Please reproduce the data below exactly, from the first line through the line containing "Кухонные шторки (400х170см)", and leave every later line out.

## RECORDS PROVIDED
********
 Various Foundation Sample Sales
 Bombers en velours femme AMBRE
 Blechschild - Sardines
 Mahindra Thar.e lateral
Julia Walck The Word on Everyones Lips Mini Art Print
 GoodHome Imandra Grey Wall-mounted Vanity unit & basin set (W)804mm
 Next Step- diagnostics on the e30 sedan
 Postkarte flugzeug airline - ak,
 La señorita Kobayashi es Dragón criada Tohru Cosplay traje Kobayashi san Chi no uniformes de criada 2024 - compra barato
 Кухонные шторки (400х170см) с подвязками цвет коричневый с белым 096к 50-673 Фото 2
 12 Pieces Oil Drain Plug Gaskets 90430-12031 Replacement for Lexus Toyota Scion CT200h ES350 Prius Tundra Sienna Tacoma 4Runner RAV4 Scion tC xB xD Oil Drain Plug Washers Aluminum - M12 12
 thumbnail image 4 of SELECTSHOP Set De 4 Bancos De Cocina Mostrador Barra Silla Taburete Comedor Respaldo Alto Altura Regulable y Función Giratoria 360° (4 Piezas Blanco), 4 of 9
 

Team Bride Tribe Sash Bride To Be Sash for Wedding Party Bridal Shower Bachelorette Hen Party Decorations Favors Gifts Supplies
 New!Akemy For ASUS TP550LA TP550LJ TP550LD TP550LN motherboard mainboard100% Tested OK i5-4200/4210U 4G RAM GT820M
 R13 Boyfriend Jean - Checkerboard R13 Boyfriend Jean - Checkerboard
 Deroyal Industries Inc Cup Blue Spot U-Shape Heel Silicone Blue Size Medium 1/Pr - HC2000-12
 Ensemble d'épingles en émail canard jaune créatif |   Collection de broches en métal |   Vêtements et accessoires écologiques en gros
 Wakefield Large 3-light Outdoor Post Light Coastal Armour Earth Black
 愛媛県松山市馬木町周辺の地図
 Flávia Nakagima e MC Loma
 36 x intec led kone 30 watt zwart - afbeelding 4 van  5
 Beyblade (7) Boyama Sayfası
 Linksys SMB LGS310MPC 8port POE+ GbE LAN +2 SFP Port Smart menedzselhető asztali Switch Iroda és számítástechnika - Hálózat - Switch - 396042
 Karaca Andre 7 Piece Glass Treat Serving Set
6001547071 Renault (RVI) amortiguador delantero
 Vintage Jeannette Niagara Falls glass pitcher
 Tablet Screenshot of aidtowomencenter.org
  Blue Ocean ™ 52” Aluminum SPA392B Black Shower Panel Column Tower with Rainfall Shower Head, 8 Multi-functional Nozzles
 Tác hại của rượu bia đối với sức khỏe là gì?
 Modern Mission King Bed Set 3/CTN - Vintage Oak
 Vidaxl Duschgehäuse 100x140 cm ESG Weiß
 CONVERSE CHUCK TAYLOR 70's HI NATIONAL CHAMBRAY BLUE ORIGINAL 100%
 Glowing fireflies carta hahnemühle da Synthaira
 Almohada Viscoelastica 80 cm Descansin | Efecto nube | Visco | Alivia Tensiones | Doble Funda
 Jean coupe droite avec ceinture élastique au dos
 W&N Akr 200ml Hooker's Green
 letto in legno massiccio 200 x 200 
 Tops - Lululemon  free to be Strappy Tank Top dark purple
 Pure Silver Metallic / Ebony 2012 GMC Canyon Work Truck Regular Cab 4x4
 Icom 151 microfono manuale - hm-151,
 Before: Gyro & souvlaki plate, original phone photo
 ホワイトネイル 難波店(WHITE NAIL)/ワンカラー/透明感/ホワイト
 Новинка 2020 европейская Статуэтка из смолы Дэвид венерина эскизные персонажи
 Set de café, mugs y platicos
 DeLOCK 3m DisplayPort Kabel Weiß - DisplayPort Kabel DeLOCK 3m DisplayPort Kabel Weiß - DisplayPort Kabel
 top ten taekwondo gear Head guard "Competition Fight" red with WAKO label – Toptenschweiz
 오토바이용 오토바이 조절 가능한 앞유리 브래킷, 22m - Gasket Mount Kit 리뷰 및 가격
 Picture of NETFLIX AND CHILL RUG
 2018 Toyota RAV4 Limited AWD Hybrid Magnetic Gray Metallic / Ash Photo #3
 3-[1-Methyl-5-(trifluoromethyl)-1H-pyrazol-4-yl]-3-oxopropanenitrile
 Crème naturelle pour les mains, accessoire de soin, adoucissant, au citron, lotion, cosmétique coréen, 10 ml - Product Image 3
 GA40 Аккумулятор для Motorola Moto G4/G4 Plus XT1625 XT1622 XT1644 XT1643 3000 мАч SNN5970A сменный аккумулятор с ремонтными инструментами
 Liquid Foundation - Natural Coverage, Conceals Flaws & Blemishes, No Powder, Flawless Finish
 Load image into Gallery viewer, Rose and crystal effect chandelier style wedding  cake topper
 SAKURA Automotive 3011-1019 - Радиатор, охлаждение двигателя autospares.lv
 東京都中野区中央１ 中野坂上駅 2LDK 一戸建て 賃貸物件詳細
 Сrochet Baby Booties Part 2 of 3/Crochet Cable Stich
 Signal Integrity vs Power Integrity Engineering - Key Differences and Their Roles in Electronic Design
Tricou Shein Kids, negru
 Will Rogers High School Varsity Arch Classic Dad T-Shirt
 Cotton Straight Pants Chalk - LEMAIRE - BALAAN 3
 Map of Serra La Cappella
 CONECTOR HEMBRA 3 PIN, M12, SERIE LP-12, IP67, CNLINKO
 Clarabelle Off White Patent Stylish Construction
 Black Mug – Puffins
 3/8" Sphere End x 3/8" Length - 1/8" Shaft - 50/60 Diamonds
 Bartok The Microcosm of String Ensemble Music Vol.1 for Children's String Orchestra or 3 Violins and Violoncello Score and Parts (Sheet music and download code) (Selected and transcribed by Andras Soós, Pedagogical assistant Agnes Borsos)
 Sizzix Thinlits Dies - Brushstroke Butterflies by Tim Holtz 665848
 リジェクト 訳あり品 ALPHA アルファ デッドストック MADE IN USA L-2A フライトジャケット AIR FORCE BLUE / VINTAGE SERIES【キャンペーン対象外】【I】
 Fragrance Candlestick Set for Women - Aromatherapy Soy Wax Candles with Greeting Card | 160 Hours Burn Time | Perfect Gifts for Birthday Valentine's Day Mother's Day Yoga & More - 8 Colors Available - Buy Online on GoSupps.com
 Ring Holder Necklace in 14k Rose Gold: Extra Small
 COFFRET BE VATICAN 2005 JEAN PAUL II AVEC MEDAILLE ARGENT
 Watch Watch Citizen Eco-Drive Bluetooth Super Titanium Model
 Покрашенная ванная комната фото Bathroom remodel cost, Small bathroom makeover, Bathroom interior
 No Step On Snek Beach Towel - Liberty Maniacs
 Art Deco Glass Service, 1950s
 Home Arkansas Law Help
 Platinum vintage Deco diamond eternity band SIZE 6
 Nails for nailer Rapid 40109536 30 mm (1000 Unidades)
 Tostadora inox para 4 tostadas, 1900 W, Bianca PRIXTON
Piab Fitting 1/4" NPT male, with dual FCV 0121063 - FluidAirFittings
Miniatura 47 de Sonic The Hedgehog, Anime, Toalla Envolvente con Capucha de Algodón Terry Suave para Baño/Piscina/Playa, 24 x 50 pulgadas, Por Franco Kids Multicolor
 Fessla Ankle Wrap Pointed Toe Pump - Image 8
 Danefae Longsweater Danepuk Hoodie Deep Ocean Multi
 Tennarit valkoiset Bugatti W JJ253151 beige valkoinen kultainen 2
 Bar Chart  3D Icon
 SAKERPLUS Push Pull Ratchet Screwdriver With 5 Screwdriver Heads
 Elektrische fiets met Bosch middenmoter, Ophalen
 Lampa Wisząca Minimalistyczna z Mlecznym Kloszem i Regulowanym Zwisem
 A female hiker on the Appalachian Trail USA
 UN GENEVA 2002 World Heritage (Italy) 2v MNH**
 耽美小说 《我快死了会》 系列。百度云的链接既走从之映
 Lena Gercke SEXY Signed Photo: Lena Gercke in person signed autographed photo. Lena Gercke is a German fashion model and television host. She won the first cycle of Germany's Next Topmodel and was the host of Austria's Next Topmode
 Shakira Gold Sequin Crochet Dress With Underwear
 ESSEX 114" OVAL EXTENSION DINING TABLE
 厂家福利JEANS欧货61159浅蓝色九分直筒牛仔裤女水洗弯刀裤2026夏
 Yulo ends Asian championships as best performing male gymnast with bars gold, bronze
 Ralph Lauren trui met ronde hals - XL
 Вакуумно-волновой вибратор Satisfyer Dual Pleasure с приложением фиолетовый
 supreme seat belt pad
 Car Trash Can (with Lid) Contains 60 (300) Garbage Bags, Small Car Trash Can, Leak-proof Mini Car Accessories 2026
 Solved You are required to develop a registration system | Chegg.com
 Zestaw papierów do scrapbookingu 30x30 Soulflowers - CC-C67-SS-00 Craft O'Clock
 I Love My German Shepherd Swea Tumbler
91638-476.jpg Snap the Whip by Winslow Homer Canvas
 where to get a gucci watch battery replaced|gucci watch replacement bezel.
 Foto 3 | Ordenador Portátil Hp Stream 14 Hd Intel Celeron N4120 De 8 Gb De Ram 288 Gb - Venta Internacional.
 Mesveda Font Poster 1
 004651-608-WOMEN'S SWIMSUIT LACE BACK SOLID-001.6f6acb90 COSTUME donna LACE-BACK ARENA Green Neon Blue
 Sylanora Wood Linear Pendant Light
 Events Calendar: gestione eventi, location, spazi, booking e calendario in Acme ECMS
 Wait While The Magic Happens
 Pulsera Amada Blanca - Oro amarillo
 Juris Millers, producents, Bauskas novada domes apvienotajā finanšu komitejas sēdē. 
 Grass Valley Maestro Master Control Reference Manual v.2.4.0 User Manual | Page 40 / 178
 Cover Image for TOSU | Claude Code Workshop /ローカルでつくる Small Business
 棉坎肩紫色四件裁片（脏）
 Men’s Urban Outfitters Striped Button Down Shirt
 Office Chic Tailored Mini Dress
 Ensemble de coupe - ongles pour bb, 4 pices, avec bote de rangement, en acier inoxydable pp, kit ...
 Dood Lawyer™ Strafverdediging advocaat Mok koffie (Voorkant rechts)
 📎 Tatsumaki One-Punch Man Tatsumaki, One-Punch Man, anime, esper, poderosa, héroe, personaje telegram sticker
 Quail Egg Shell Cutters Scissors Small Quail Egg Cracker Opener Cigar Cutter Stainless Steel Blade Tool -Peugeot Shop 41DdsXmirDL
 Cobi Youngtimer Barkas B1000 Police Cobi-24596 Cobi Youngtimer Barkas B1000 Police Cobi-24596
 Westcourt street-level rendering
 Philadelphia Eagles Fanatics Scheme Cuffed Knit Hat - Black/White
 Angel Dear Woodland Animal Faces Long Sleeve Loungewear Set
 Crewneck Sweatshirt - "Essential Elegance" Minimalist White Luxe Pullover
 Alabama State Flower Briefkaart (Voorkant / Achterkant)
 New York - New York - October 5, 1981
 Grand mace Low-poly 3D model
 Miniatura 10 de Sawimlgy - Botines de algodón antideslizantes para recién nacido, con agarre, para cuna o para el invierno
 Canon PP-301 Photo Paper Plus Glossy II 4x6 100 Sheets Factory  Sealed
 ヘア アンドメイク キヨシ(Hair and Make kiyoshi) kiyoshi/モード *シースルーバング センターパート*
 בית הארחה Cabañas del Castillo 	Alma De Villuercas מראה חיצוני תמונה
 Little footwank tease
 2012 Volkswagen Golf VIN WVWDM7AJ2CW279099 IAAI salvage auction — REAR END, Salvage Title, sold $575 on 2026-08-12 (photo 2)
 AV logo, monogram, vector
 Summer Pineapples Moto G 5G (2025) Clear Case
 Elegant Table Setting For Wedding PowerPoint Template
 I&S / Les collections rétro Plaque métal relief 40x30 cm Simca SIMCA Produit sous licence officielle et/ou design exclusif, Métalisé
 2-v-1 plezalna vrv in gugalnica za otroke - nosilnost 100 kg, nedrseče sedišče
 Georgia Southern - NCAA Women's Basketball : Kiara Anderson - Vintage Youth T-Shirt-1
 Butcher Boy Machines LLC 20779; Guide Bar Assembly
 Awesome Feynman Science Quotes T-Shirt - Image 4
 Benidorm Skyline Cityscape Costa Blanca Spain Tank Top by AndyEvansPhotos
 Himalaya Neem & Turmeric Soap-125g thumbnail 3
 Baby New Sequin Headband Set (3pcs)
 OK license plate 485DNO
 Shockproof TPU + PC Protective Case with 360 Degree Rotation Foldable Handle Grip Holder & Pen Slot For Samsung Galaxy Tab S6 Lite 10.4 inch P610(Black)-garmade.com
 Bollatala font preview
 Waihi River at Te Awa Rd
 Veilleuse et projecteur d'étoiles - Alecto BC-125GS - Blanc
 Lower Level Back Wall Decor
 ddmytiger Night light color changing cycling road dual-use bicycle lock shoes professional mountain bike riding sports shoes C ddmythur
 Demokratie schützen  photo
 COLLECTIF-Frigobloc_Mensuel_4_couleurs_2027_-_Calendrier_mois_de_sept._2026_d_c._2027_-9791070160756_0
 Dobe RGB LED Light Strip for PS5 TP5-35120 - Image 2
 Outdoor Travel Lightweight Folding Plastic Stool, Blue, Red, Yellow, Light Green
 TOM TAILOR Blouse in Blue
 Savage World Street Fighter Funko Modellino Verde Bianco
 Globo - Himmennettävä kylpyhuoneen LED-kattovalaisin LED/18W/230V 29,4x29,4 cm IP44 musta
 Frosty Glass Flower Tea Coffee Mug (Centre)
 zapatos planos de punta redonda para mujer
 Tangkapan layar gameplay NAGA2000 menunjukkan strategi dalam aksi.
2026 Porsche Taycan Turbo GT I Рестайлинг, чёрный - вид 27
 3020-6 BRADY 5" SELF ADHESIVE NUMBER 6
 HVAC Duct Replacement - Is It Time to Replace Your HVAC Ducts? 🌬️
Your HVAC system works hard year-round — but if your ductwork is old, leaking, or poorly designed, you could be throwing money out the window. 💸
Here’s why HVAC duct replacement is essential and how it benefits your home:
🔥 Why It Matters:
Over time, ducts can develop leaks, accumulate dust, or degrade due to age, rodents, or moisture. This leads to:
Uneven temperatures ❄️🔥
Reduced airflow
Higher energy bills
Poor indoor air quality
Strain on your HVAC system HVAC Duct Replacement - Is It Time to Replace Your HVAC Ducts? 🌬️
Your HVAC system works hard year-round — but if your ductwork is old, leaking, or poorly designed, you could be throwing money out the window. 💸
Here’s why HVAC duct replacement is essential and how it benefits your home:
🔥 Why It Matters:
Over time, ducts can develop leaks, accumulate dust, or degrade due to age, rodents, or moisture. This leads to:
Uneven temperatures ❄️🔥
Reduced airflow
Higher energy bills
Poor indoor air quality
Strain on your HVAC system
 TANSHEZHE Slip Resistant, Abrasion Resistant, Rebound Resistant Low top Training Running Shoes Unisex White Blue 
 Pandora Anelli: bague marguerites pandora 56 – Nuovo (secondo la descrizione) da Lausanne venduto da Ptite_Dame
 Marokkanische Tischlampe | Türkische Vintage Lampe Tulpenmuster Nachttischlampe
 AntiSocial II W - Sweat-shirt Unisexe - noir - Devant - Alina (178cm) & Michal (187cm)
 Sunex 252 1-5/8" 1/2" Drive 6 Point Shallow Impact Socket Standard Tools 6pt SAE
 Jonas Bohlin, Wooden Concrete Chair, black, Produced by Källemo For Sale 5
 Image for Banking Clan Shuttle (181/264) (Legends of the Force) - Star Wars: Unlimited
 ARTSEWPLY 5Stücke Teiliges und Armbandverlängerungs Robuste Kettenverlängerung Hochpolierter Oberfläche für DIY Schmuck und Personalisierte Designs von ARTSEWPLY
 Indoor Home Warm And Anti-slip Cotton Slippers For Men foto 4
********
## RESPONSE TO THIS EXERCISE
 Various Foundation Sample Sales
 Bombers en velours femme AMBRE
 Blechschild - Sardines
 Mahindra Thar.e lateral
Julia Walck The Word on Everyones Lips Mini Art Print
 GoodHome Imandra Grey Wall-mounted Vanity unit & basin set (W)804mm
 Next Step- diagnostics on the e30 sedan
 Postkarte flugzeug airline - ak,
 La señorita Kobayashi es Dragón criada Tohru Cosplay traje Kobayashi san Chi no uniformes de criada 2024 - compra barato
 Кухонные шторки (400х170см) с подвязками цвет коричневый с белым 096к 50-673 Фото 2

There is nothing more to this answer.